Lynch also would like to see homeschooling parents go through training like that which teachers receive.
“Without that type of rigorous training, I just wouldn’t feel comfortable allowing somebody to home-school their kids,” he says. “[T]here needs to be some type of quality control.”
The Richmond Times-Dispatch reports:
Before teachers are allowed to enter a classroom, they must go through programs that expose them to courses that teach classroom management, assessment and curriculum development, Lynch said. Even then, he added, many find it difficult to teach and many aren’t able to do it effectively.
“To have a high school diploma and all of a sudden start teaching students or teaching your own child? Even though you have their best interest at heart and you may want the best for them, you may not be able to provide that,” he said.
According to the National Home Education Research Institute, home-schooled students “typically score 15 to 30 percentile points above public school students on standardized academic achievement tests.”

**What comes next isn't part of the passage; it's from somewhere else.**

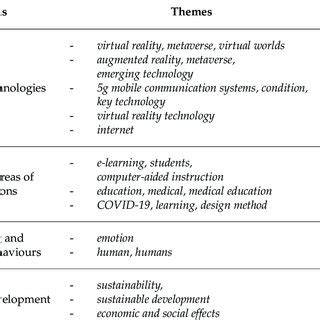 Image result for Meta Strategy Map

But the International Center for Home Education Research, an organization that studies home schooling and does not advocate for or against the practice, said evidence gathered in studies on performance have “been fraught with controversy because most of the studies that have received widest attention have been interpreted to say something they do not and cannot.”
The problem, according to the center and other researchers, is that studies are often made up of volunteers responding to invitations from advocacy groups. These participants tend to be “far whiter, more religious, more married, better educated and wealthier than national averages.”
“It is thus impossible to say whether or not home schooling as such has any impact on the sort of academic achievement measured by standardized tests.”
But with regards to results for homeschooled African-American children, EAGNews.org notes that NHERI’s research shows “black homeschool students to be scoring 23 to 42 percentile points above black public school students.”
MORE: Homeschooling Growing 7 Times Faster than Public School
Professor Lynch’s concerns about quality notwithstanding, worry about academics isn’t even the first or second reason cited as to why parents homeschool: Concerns about school environment and desire for moral instruction occupy the top two spots, according to the 2011 National Household Education Survey.